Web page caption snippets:
== == ==

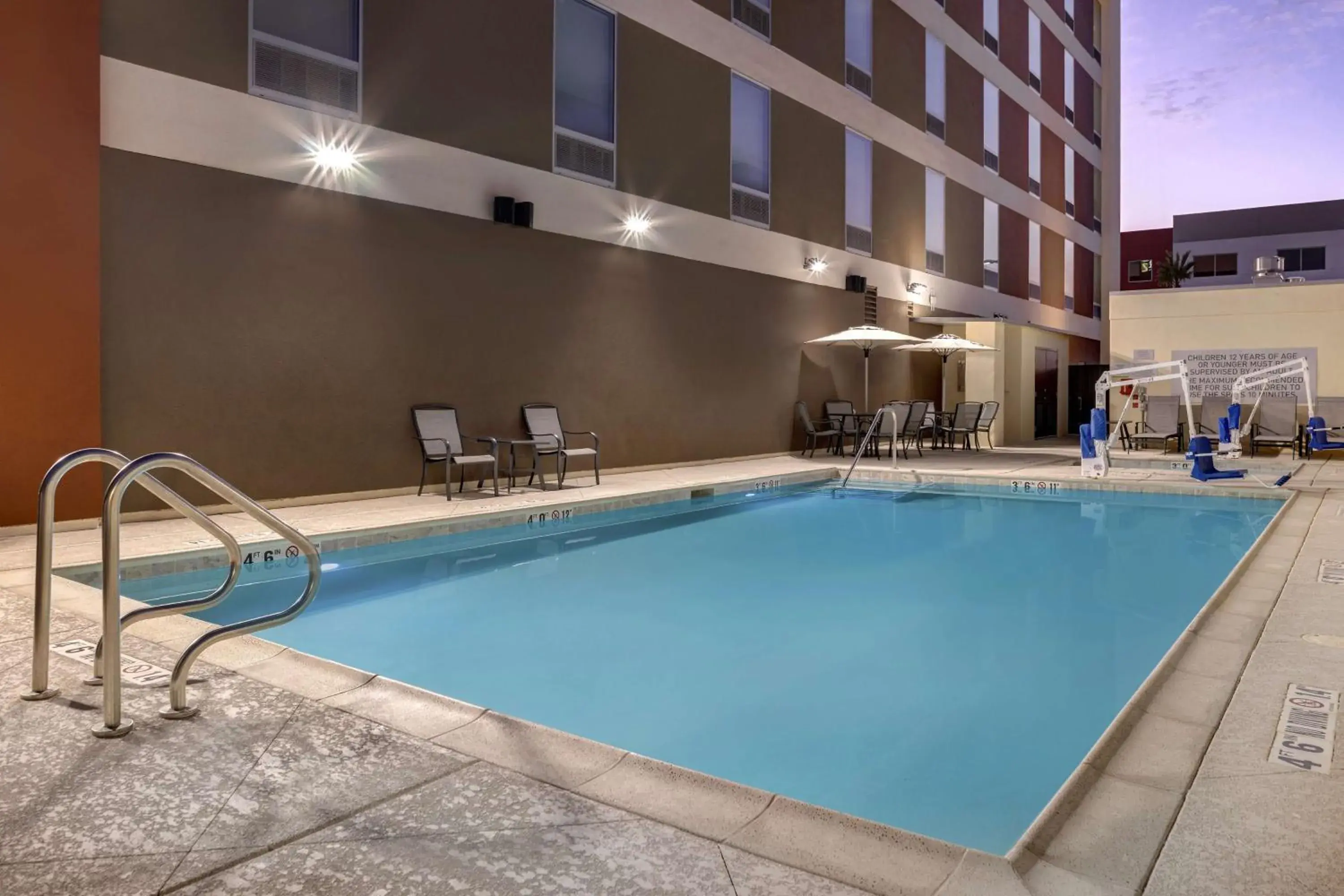 Pool view, Swimming Pool in Home2 Suites By Hilton Las Vegas Southwest I-215 Curve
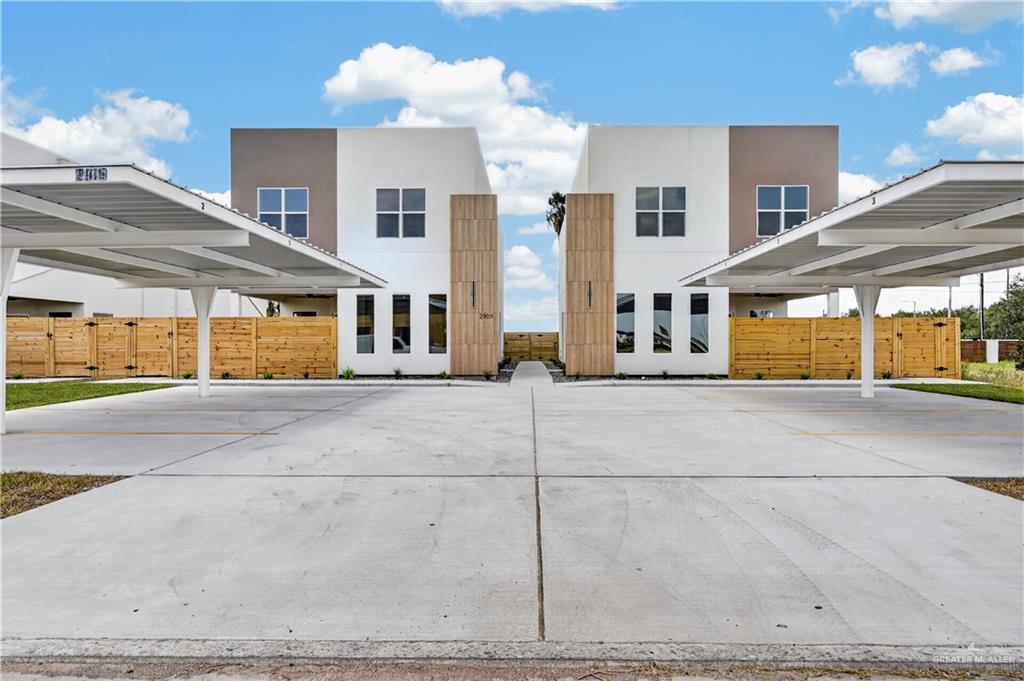 Condo home at 2909 Santa Amanda #4, Weslaco, Texas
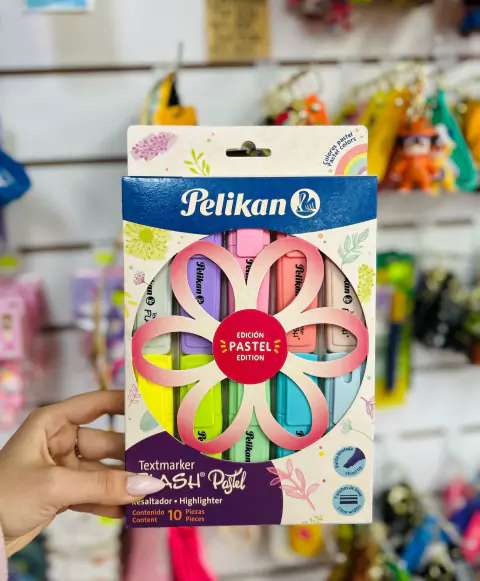 Resaltadores Pastel X10 - Pelikan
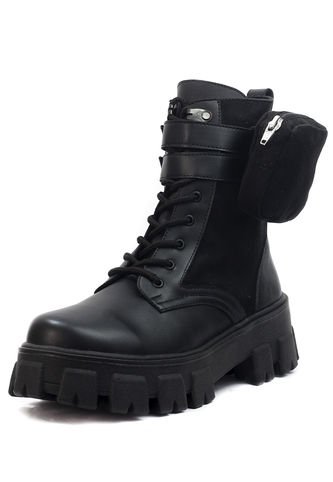 Bota Negra Moopy BL-209 MOOPY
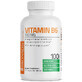 Vitamina B6 Piridoxina, 100 mg, 100 comprimidos vegetales, Bronson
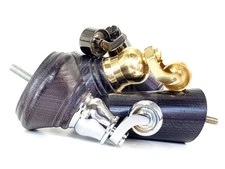 2x Gambe Divano Mobili Ruote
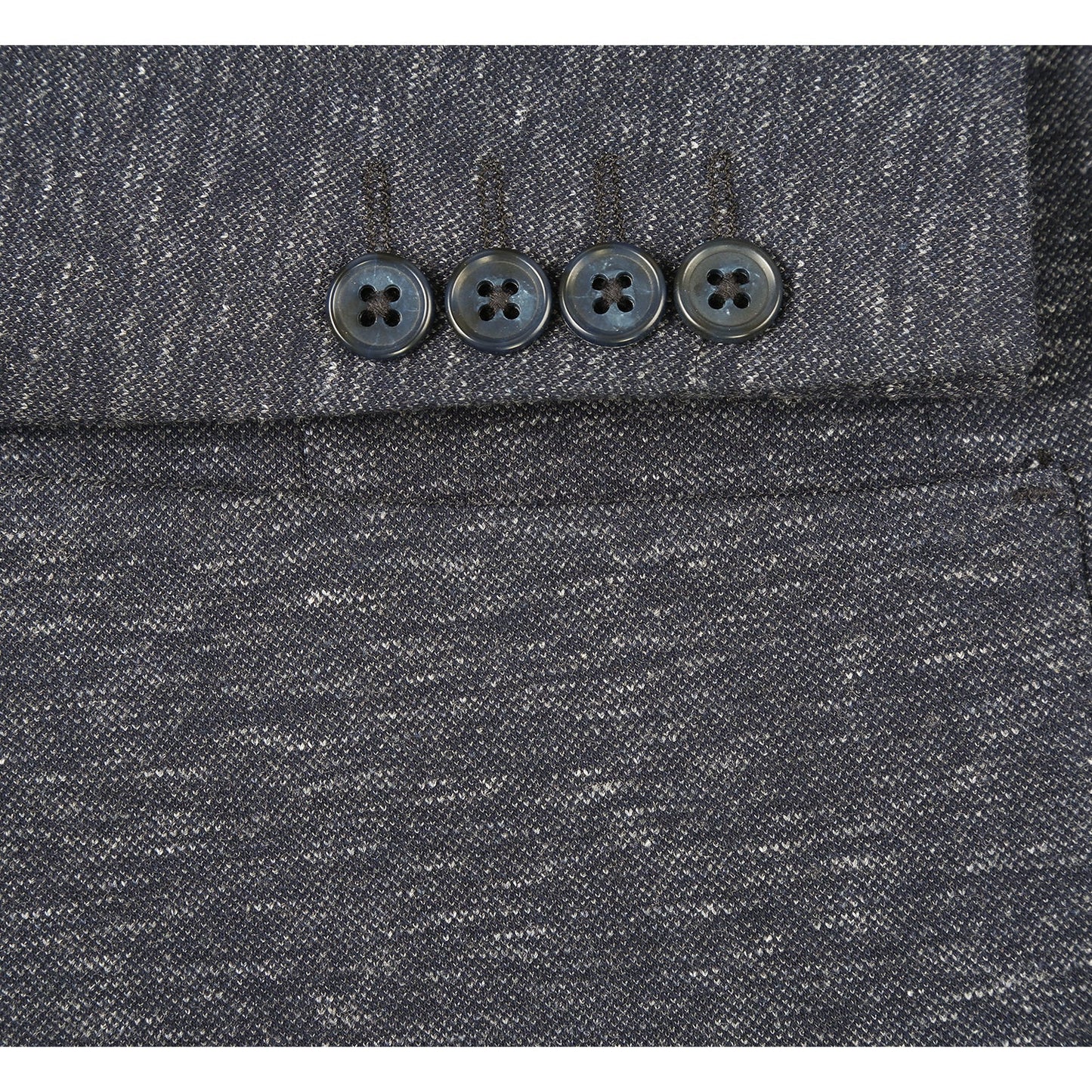 Slim Fit Riserva Jacket - Grey Blue PF24-1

== == ==

### Exercise goal
From the first line to the last, restate the entries exactly, without pictures.

### Response to this task
 Pool view, Swimming Pool in Home2 Suites By Hilton Las Vegas Southwest I-215 Curve
 Condo home at 2909 Santa Amanda #4, Weslaco, Texas
 Resaltadores Pastel X10 - Pelikan
 Bota Negra Moopy BL-209 MOOPY
 Vitamina B6 Piridoxina, 100 mg, 100 comprimidos vegetales, Bronson
 2x Gambe Divano Mobili Ruote
 Slim Fit Riserva Jacket - Grey Blue PF24-1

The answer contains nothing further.